Geriye dönecek olursak, Ermeniler sadece Türkiye’deki değil, gittikleri her yerdeki kültürü etkilemiştir. Ermenilerle ilgili güzel bir espri vardı: Derler ki, otellerde Ermenilere bir haftadan fazla bir odayı vermezler; çünkü ertesi hafta, kaldıkları yeri kendi yöntemlerince yenilerler. Yani gittiğimiz hiçbir yerde göçmen gibi yaşamayız. Ama tabii, atalarının yaşadığı yerlerde yaşamak da güzel olurdu. Mesela benim eşim de soykırımdan kurtulan bir ailenin torunu.

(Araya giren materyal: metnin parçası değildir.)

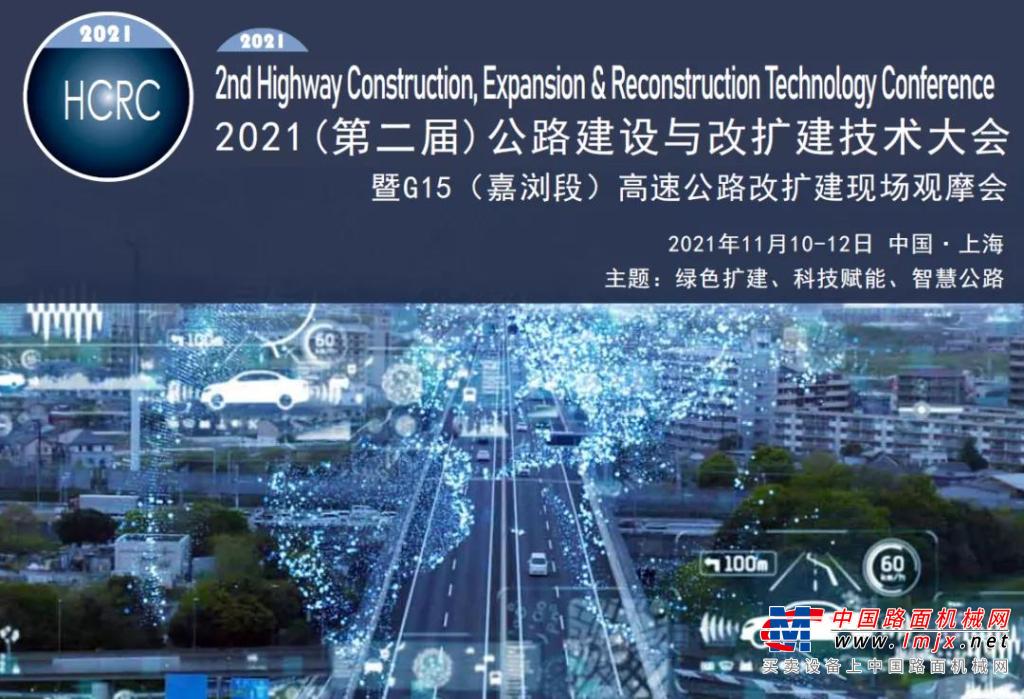 2021（第二届）公路建设与改扩建技术大会邀请函！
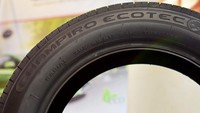 Champiro Ecotec didesain dengan teknologi Advanced Nano Compound terbaru yang dapat lebih memudahkan ban bergulir sehingga konsumsi bahan bakar lebih efisien dan secara bersamaan membantu mengurangi emisi CO2 berbahaya selama berkendara, dengan tetap menghasilkan kinerja pengereman yang maksi-mal. 
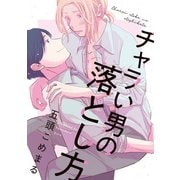 チャラい男の落とし方【単話】（KADOKAWA） [電子書籍]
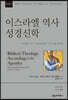NSBT 이스라엘 역사 성경신학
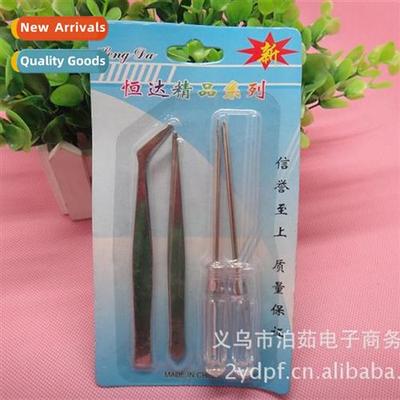 Combinati  two clamps + two drivers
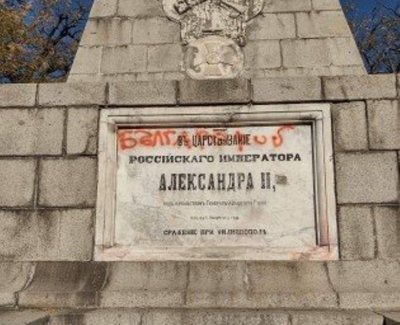 Паметникът на цар Освободител Александър II на хълм Бунарджика е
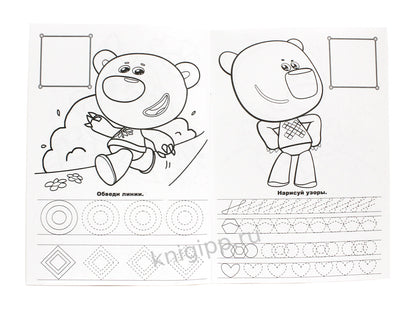 МИ-МИ-МИШКИ. ПРОПИСИ ДЛЯ ДОШКОЛЯТ с наклейками. РИСУЕМ УЗОРЫ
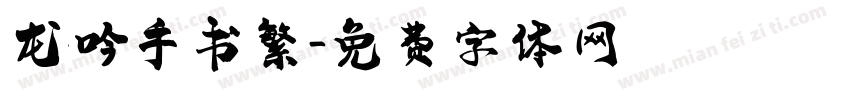 龙吟手书繁字体转换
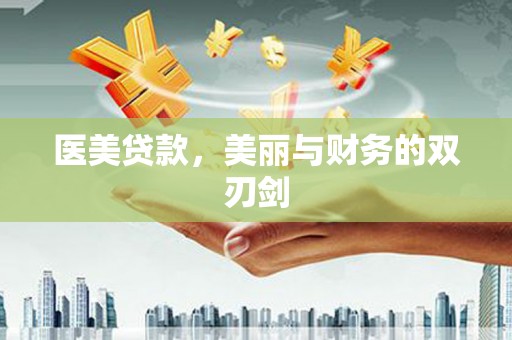 汾西医美贷款，美丽与财务的双刃剑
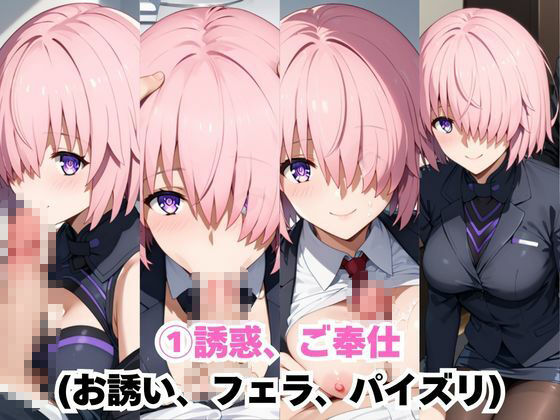 なんでも許してくれる理想の上司と秘密の関係！マ○ュ・キリエライト編 - サンプル画像 3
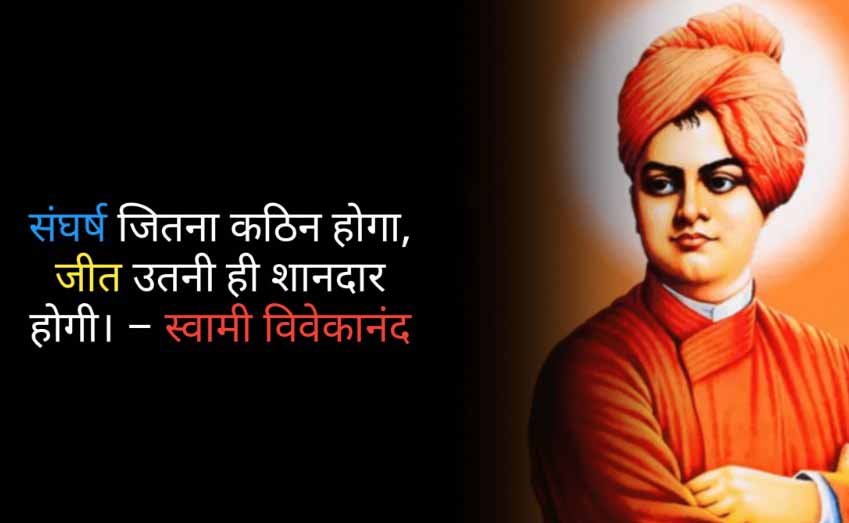 Best Quote Vivekananda Ji
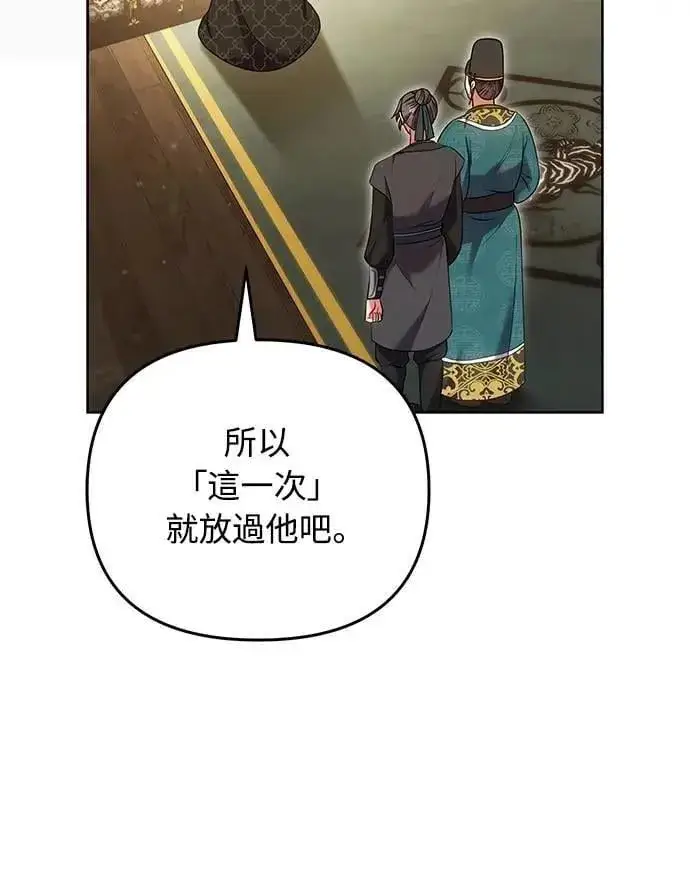 《武林高手转生后宫小主》第103话 他留下的东西图26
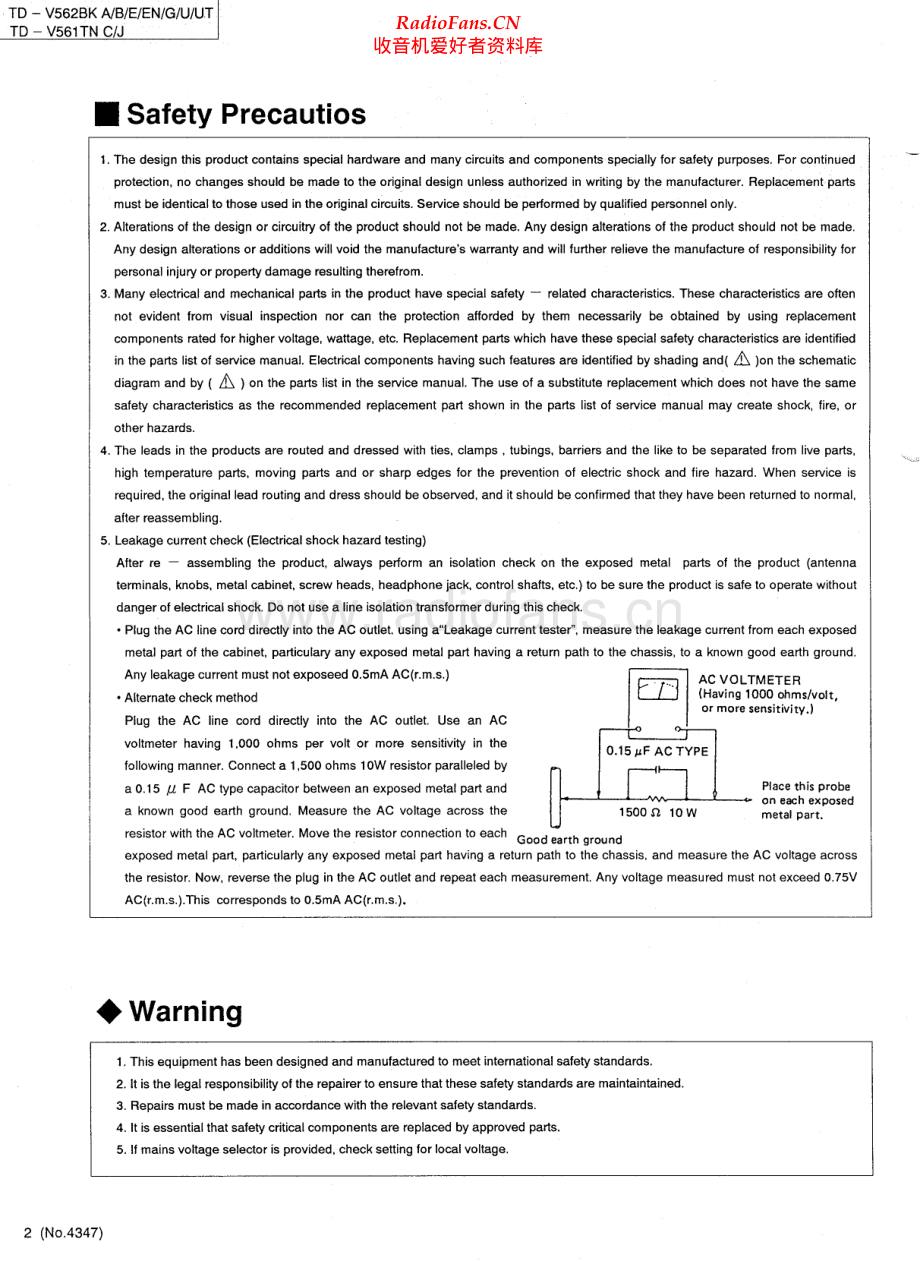 JVC-TDV561TN-tape-sm 维修电路原理图.pdf_第2页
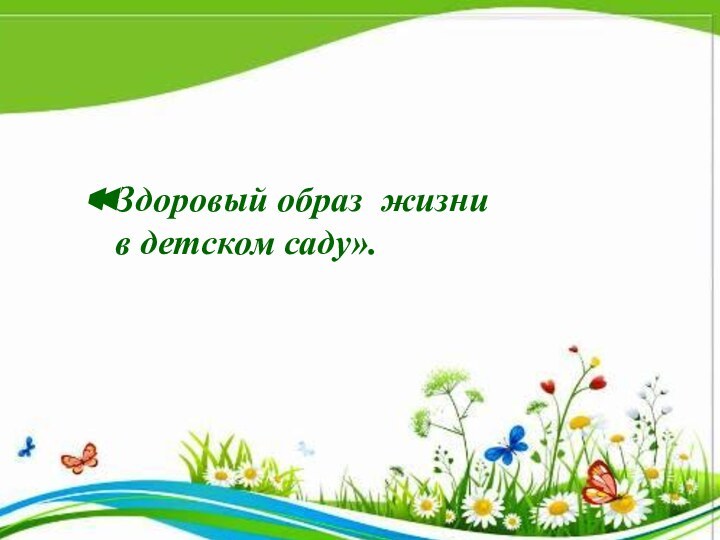 «Здоровый образ жизни       в детском саду».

Bazen diyoruz ki; “Neden Muş’ta bir ev alıp yılın bir kısmını Muş’ta, bir kısmını Erivan’da geçirmiyoruz?” Bu şekilde köklerinle iyi ilişki kurabilirsin. Mesela benim ninem ve dedem, Sovyet Ermenistan’ını hiçbir zaman sevmediler. Benim için de aynı şey geçerli. Çok başarılılardı aslına bakarsan, her şeyleri de vardı; fakat bir yandan da yoktu. Hiçbir şey onları mutlu edemedi, hiçbir şey... Her gece rüyalarında memleketlerini görürlerdi. Tuhaf, değil mi? Bir şey hakkında bu kadar derin duygular beslediğimiz için şanslı olmalıyız. Aslında şu anda sahip olduklarımıza şükretmeliyiz. Bir şeye sahipken, yeterince dikkat etmezsin. Aynı şey insanlarla olan ilişkide de geçerli. Sanmıyorum ki Türkiye, Ermenilerin banka hesapları, evleri ya da toprakları dışında bir şeyden kazançlı çıktı. Kültürel olarak çok şey kaybetti, kendi halkını yüz yıl geriye götürdü. Bu durumun sorumluluğunun alınması gerekiyor. Artık yeter. Yalan söylemeye ve bu yalanla yaşamaya artık yeter. Artık önümüze bakmalıyız. Siz ne düşünüyorsunuz?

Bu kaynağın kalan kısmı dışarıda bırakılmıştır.